> _Activity_
None of the pictures should be copied, though every line of the listing must be printed exactly.

[Start of section]

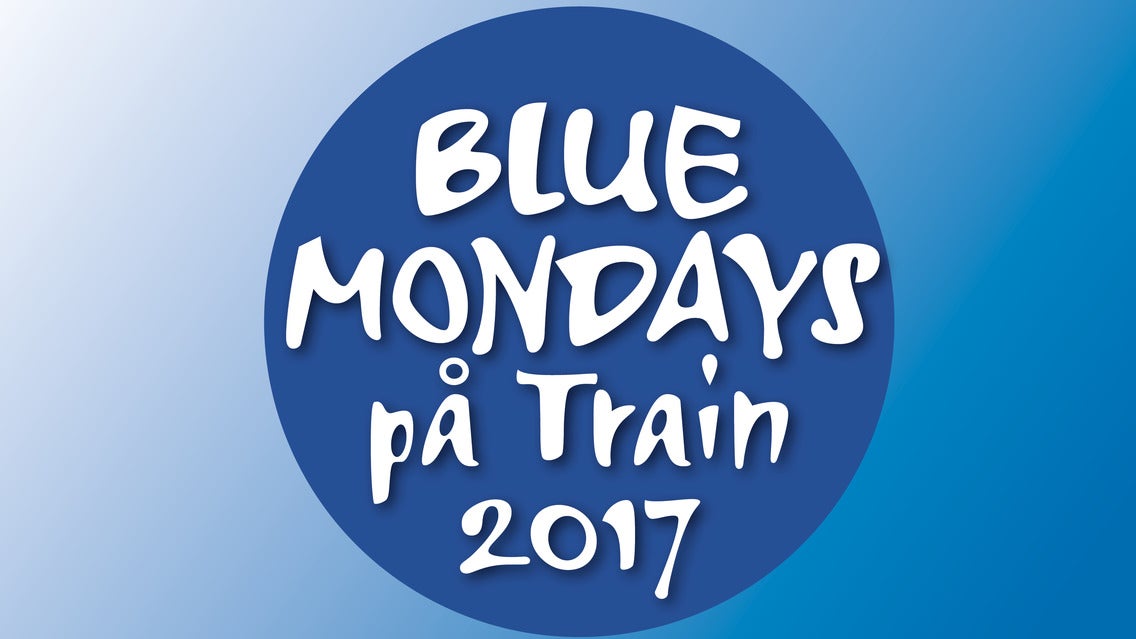 Blue Mondays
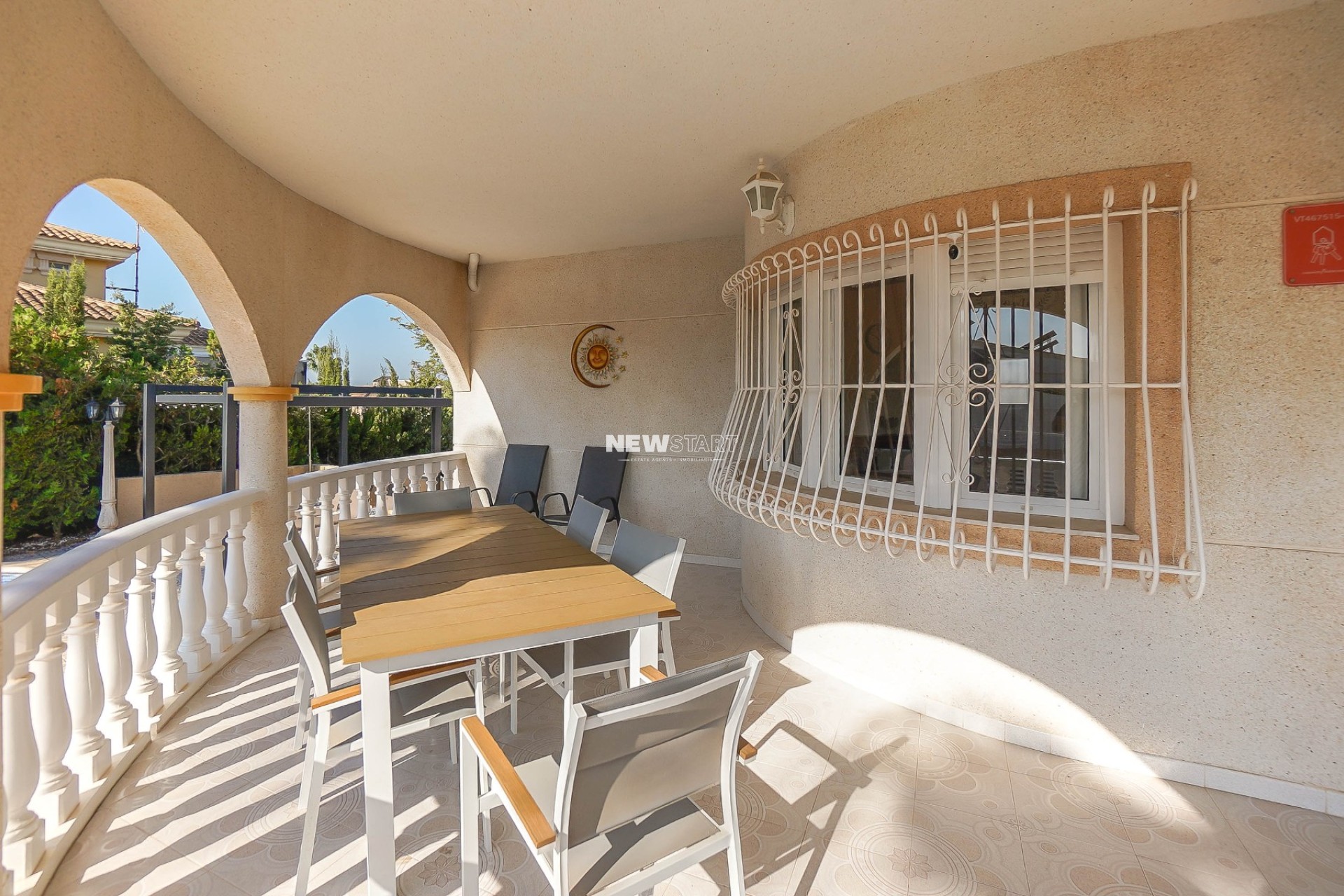 Resale - Detached - La Marina - Urb. La Escuera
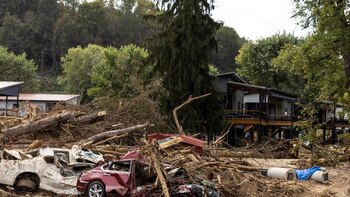 Organización emplea inteligencia artificial para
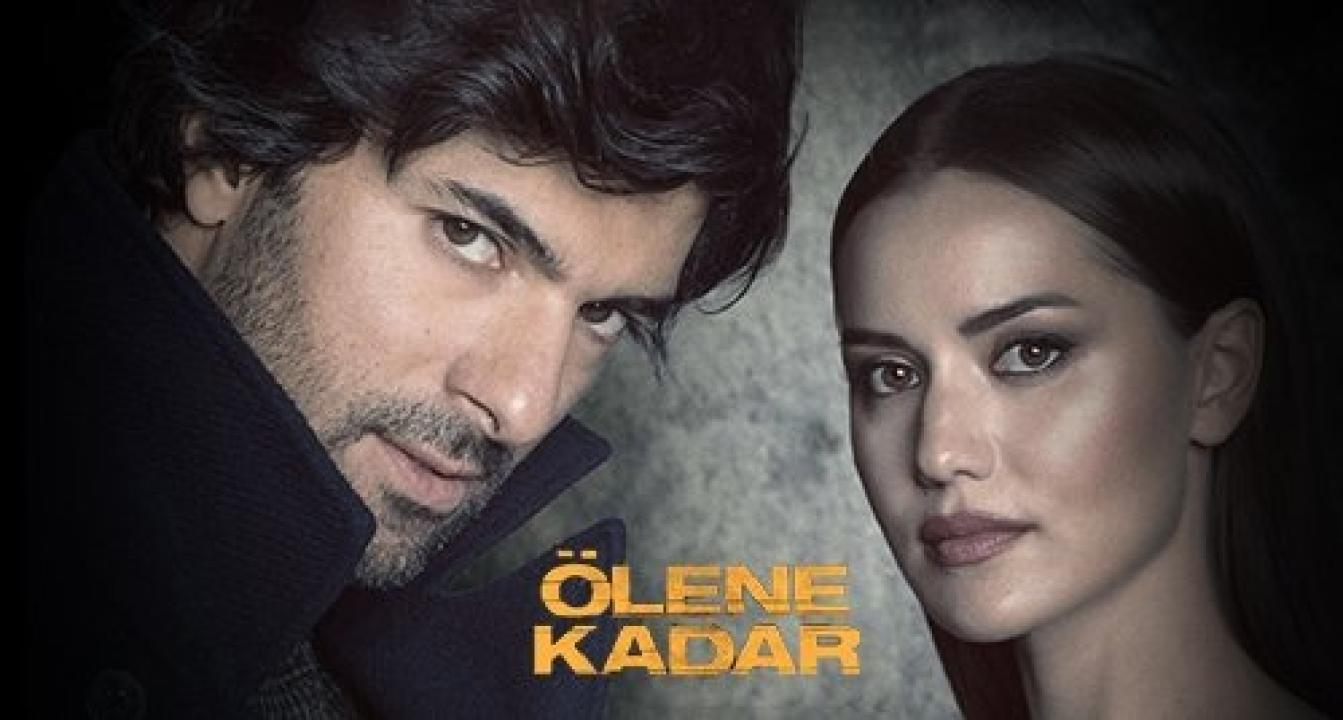 شاهد مسلسل حتي الممات مترجم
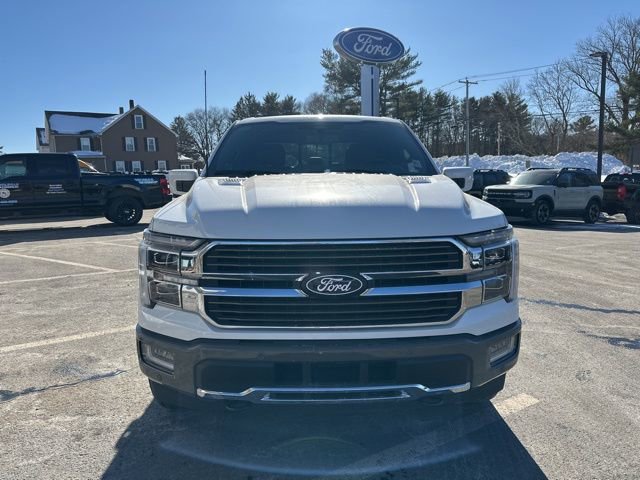 Used 2025 Ford F150 King Ranch image 2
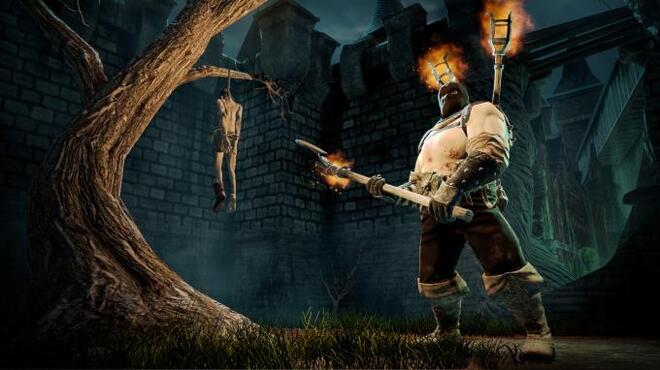 Mordheim: City of the Damned - Witch Hunters PC Crack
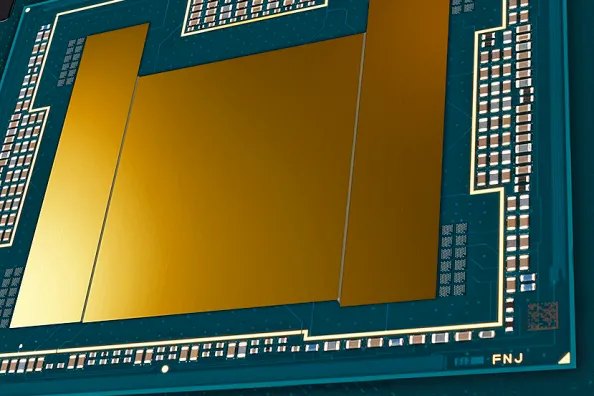 Intel Xeon 6 6980P Preview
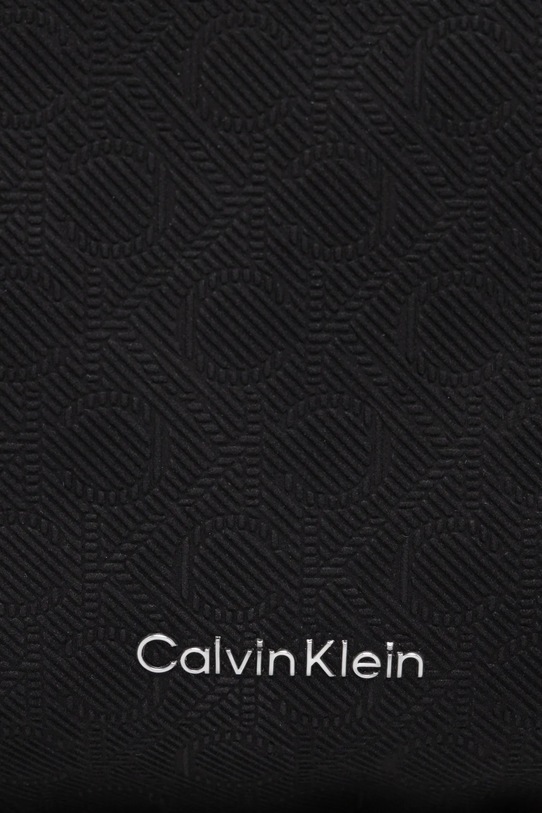 Doplňky Ledvinka Calvin Klein K50K512787 černá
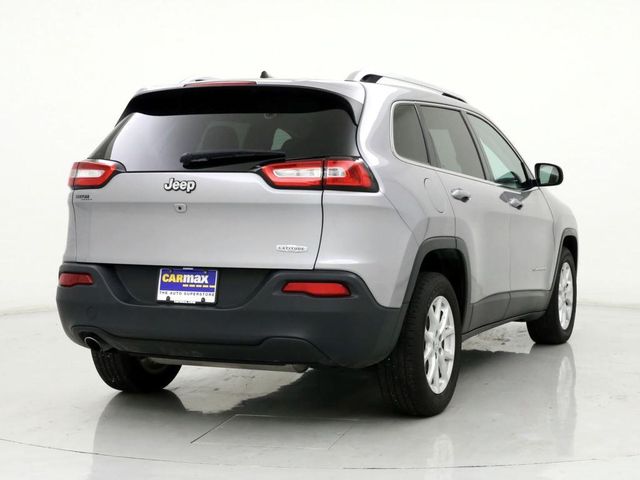  2018 Jeep Cherokee Latitude For Sale Specifications, Price and Images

[End of section]

> _Response to the exercise_
 Blue Mondays
 Resale - Detached - La Marina - Urb. La Escuera
 Organización emplea inteligencia artificial para
 شاهد مسلسل حتي الممات مترجم
 Used 2025 Ford F150 King Ranch image 2
 Mordheim: City of the Damned - Witch Hunters PC Crack
 Intel Xeon 6 6980P Preview
 Doplňky Ledvinka Calvin Klein K50K512787 černá
  2018 Jeep Cherokee Latitude For Sale Specifications, Price and Images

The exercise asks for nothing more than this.